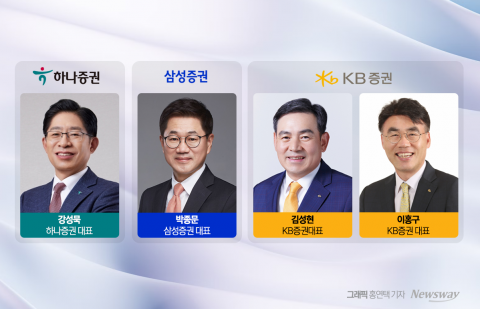 안정이냐 쇄신이냐···증권사 CEO 거취 '갈림길'
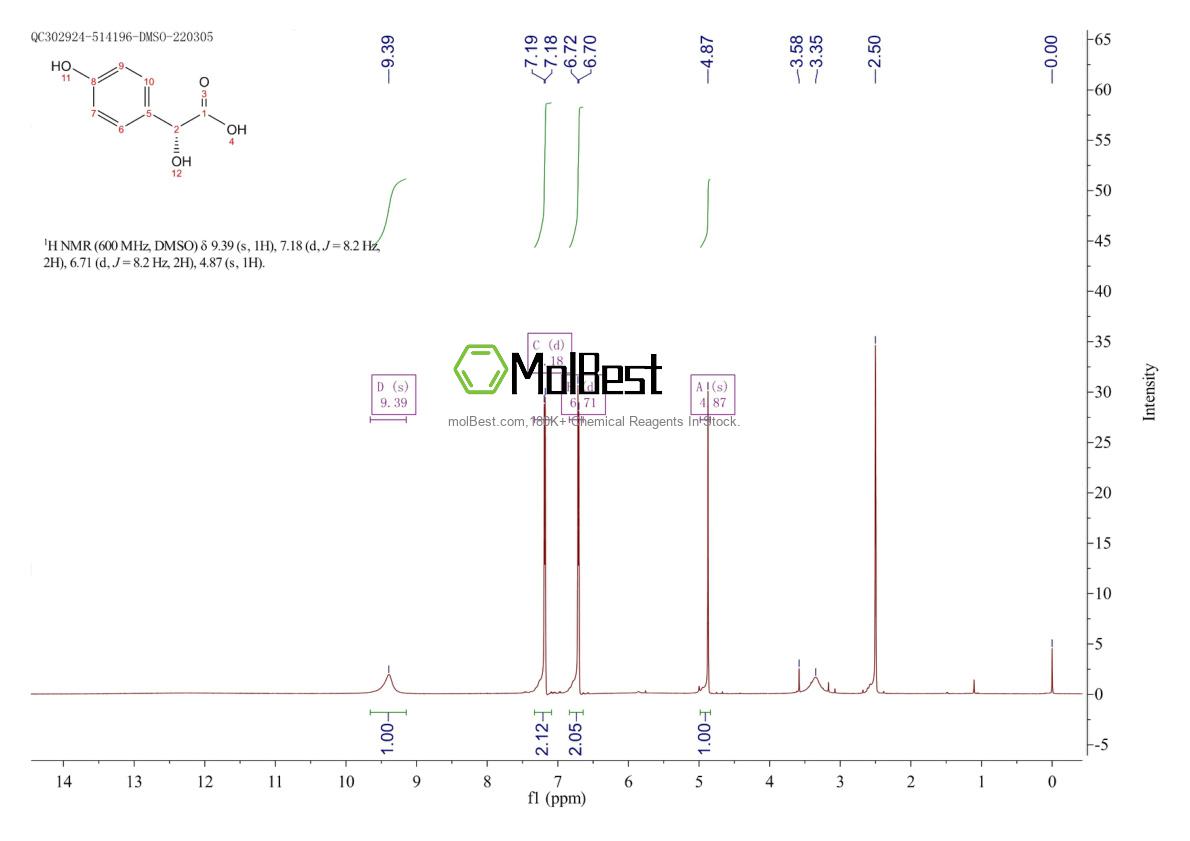 Physical sample testing spectrum (NMR) of 13244-78-5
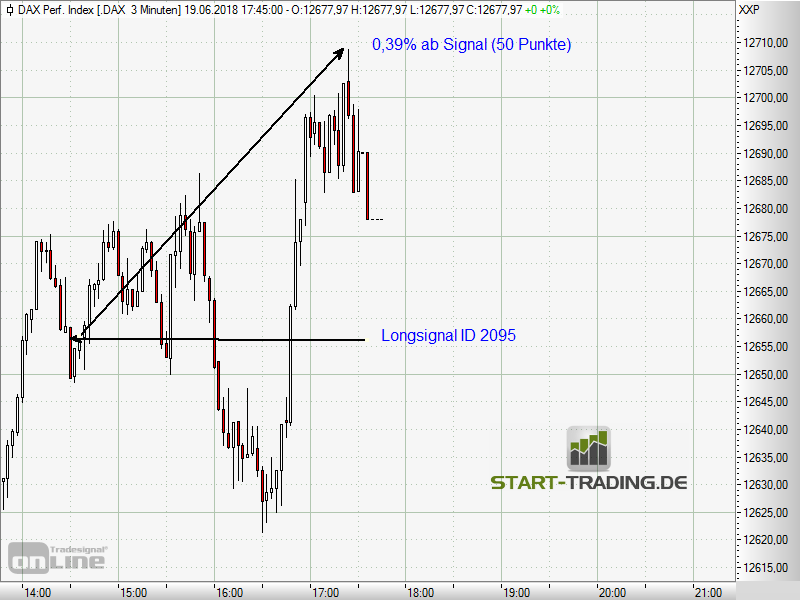 signal-chart-2095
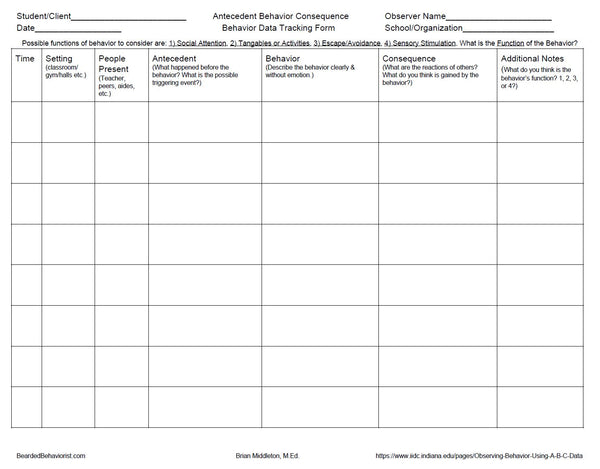 ABC Behavior Data Sheet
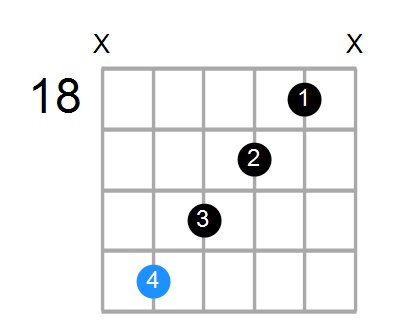 F#maj7#5 Chord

## WHAT THIS TASK INVOLVES:
Using the records above, copy exactly and only the lines from the line with "signal-chart-2095" through the end, both included; leave every picture out.

## WRITTEN SOLUTION:
 signal-chart-2095
 ABC Behavior Data Sheet
 F#maj7#5 Chord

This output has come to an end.